So here's the science: things all fall at the exact same rate, no matter how heavy they are.  Unless something gets in the way.  Like air.  So something with a large surface area would catch a lot of air, and would then actually fall more slowly. This is usually explained by saying "gravity pulls evenly on everything."  More ideas next week!

​Third Grade Ideas - Here's an indicator from Standard 5 Objective 1: "Observe and report how sunlight affects plant growth."  Give each group two ziploc bags with 10 lentil seeds in each bag.  Stick the seeds in a wet paper towel inside each bag.  Put one bag in a sunny windowsill, and the other in the dark.  Wait a few days, then get them out and make observations.  Do this for two weeks.  You'll see the sunny ones do what you'd expect, and the dark ones do some interesting things.  Talk about what you see, and why you think they did that.  Another observational activity: look at how the plants and trees outside grow towards the sun.  We call this phototropism, or heliotropism.  That's the tendancy of plants to grow toward light (photo) or the sun (heilio.) 

 Where do you think the sun is, in this photo?

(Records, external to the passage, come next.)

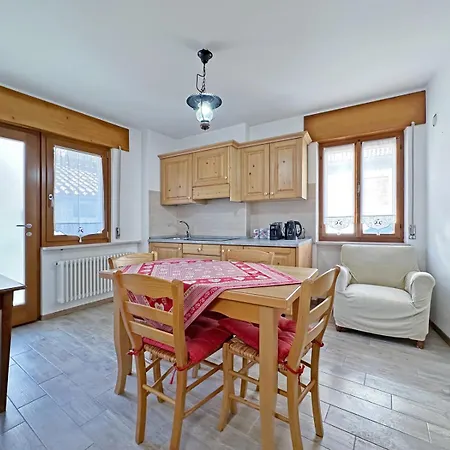 Holiday home Bbkey La Cjase Sot La Strete *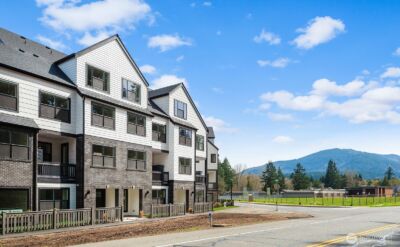 728 Newport Way NW, Issaquah, WA 98027 - Photo 16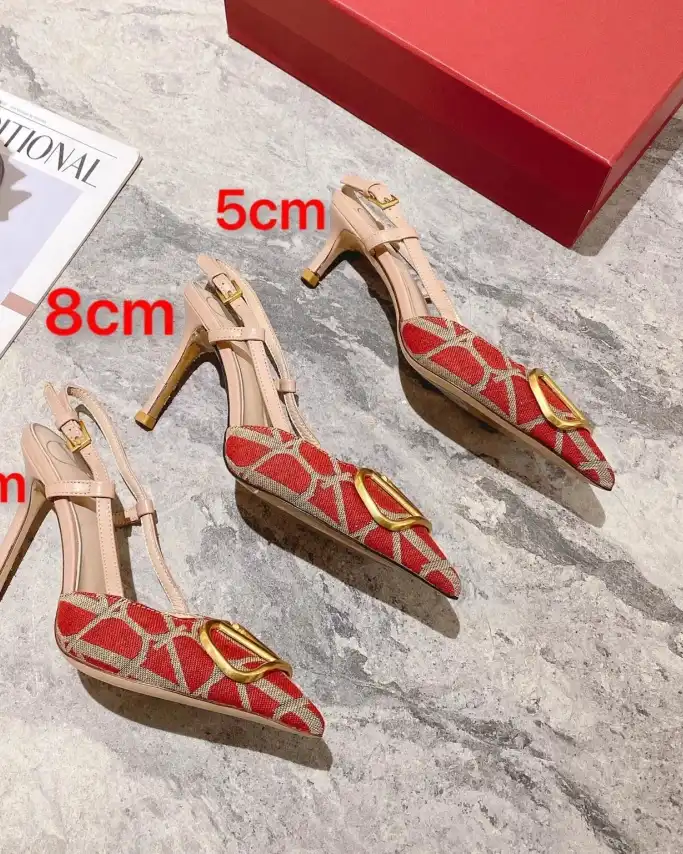 hype Valentino Sandals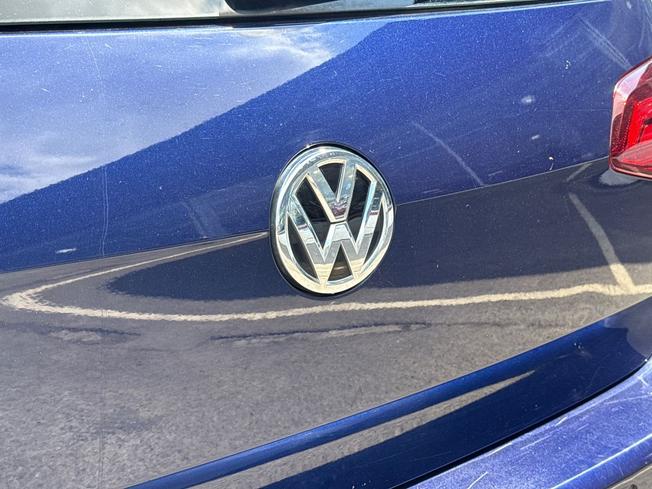 VOLKSWAGEN Golf Photo 30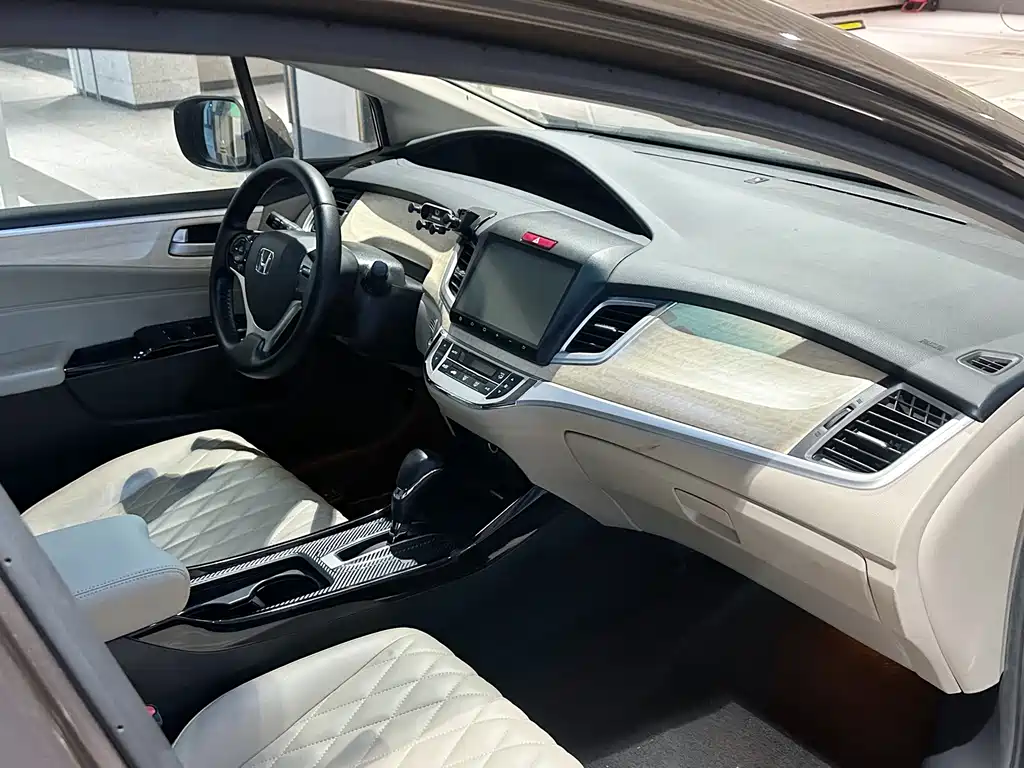 Honda Jade 2016 — фото 11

Fourth Grade Ideas - Here's an indicator: "Investigate and record temperature data to show the effects of heat energy on changing the states of water."  One of my favorite labs: boil a pot of water in front of the class with a digital thermometer inside.  Observe as it changes phase.  And rest assured: The watched pot DOES boil.  A few things to note: Heat is molecular movement. So when we add heat to a pot, we add movement.  When the molecules reach high enough energy, or are moving fast enough, they fly off into the air.  When the whole pot is boiling at the same time, we can see that the whole pot has reached that point.  A few questions: as it's boiling, where do the bubbles come from?  We saw on google that water boils at 212 degrees - is that what we observed in class?  If not, why not?  See me if you want a glass beaker to do this in, it just helps them see the bubbles.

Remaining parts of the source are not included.